Diabetes mellitus is not a reportable disease, even though a significant proportion of people (50% in some countries)1 suffer DM without the disease having been diagnosed. In some cases the disorder manifests with symptoms requiring emergency hospital admission, though the great majority of patients are diagnosed in primary care centers. These circumstances contribute to explaining the fact that there is no reliable systematic registry defining the number of people with DM in Spain. The many studies that have been made show some disparity in the data provided. This is due to the different methods employed (surveys, clinical analyses or secondary data exploitation), the different age cohorts investigated, and the diversity of the geographic settings analyzed. Nevertheless, on comparing studies involving the same methodological procedure and similar populations, particularly as regards the age ranges analyzed, the results obtained are consistent. All this justifies the need for further prevalence studies, in an attempt to generate increasingly precise epidemiological information.

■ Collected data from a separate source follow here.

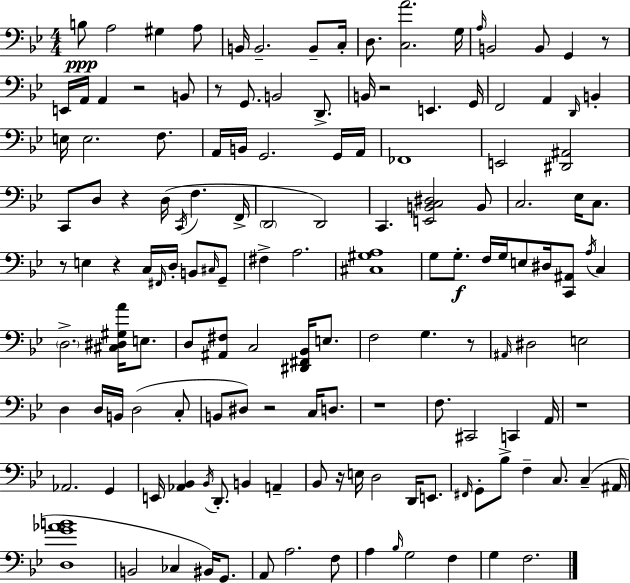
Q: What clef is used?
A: bass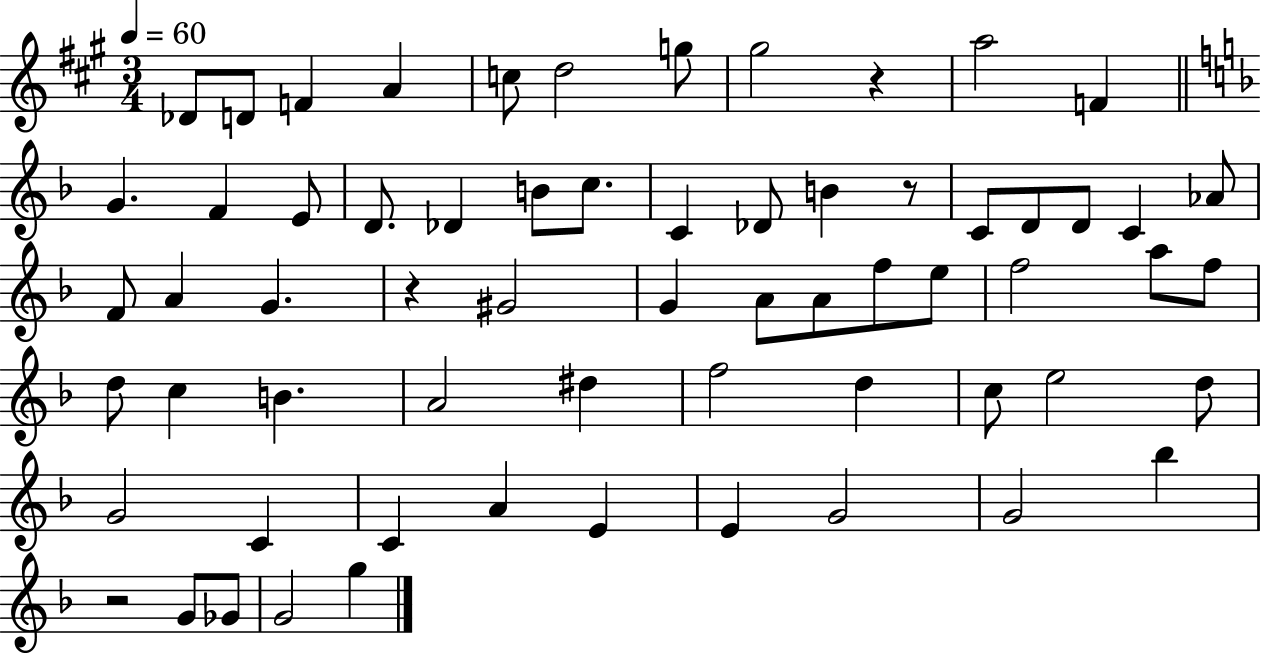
{
  \clef treble
  \numericTimeSignature
  \time 3/4
  \key a \major
  \tempo 4 = 60
  des'8 d'8 f'4 a'4 | c''8 d''2 g''8 | gis''2 r4 | a''2 f'4 | \break \bar "||" \break \key d \minor g'4. f'4 e'8 | d'8. des'4 b'8 c''8. | c'4 des'8 b'4 r8 | c'8 d'8 d'8 c'4 aes'8 | \break f'8 a'4 g'4. | r4 gis'2 | g'4 a'8 a'8 f''8 e''8 | f''2 a''8 f''8 | \break d''8 c''4 b'4. | a'2 dis''4 | f''2 d''4 | c''8 e''2 d''8 | \break g'2 c'4 | c'4 a'4 e'4 | e'4 g'2 | g'2 bes''4 | \break r2 g'8 ges'8 | g'2 g''4 | \bar "|."
}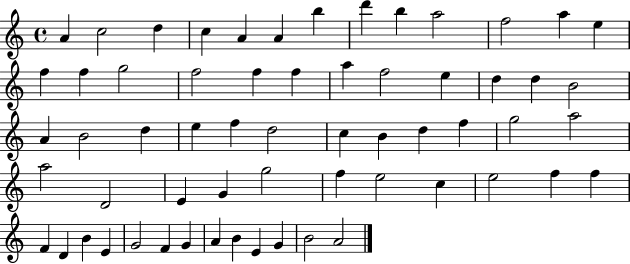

Despite their limitations, the statistics on DM offered by the official organisms can give us a good idea of the epidemiology of the disease. The present study represents an attempt both to gather the most current general and specific data referring to the prevalence of DM in Spain with a view to analyzing its course, and to describe the relationships among the principal variables determining the disease. Our working hypothesis is that there is a tendency toward stabilization of the increase in DM seen in the past decades in Spain.

The World Health Organization (WHO) estimated a worldwide prevalence of DM of 3% in the year 2002, representing approximately 170 million affected people.2 Moreover, at that time the experts warned that this figure would be more than double by the year 2025. Much of this increase would come from developing countries as a result of factors such as a growing or aging population, unhealthy eating habits, obesity and sedentary lifestyles. Likewise, it was noted that differences based on the degree of development of the country would be reflected in the affected age groups. Accordingly, by the year 2025 the industrialized countries would have the largest number of affected individuals in the over 65 age group. By contrast, in the developing countries the most affected group would correspond to those individuals between 45 and 65 years of age. This would have a considerable socioeconomic impact, since this is precisely the most productive age group. Today these predicted figures have been clearly exceeded, and the WHO now reports 422 million people with DM worldwide.3 Furthermore, according to these sources, the future perspectives are also a cause for concern: in a single year, 16 million additional people throughout the world are expected to develop the disease.

The most approximate systematic estimate of the prevalence of DM in Spain is that offered by the Spanish National Health Survey/European Survey of Health in Spain (Encuesta Nacional de Salud/Encuesta Europea de Salud en España [ENS/EESE]). The most recent survey, conducted in 2014, revealed an overall prevalence in the population over 16 years of age of close to 7%. This means that over 2.5 million people (2,662,400) have DM in Spain, a figure that falls a little short of the number reported in the previous national survey.

Different studies in Spain suggest an increase in the prevalence of both type 1 DM (DM1), even in adults, and of type 2 DM (DM2) in children and adolescents.4–8 In this country, the most recent studies have reported DM1 prevalence rates ranging from 1 to 10 cases per 10,000 individuals.5,9–11 Epidemiological studies often address the disease from a global perspective, reporting prevalence rates that make no distinction between DM1 and DM2. The most recent and relevant studies conducted in Spain describe a wide range of prevalence rates, ranging from 3 to 20% during the period between the 1990s and today.12–19

Based on a documentary review in 2006, Ruiz-Ramos et al.20 reported DM2 prevalence rates ranging from 4.8 to 18.7%, and DM1 prevalence rates ranging from 0.08 to 0.2%, indicating that the frequencies increase as population income decreases.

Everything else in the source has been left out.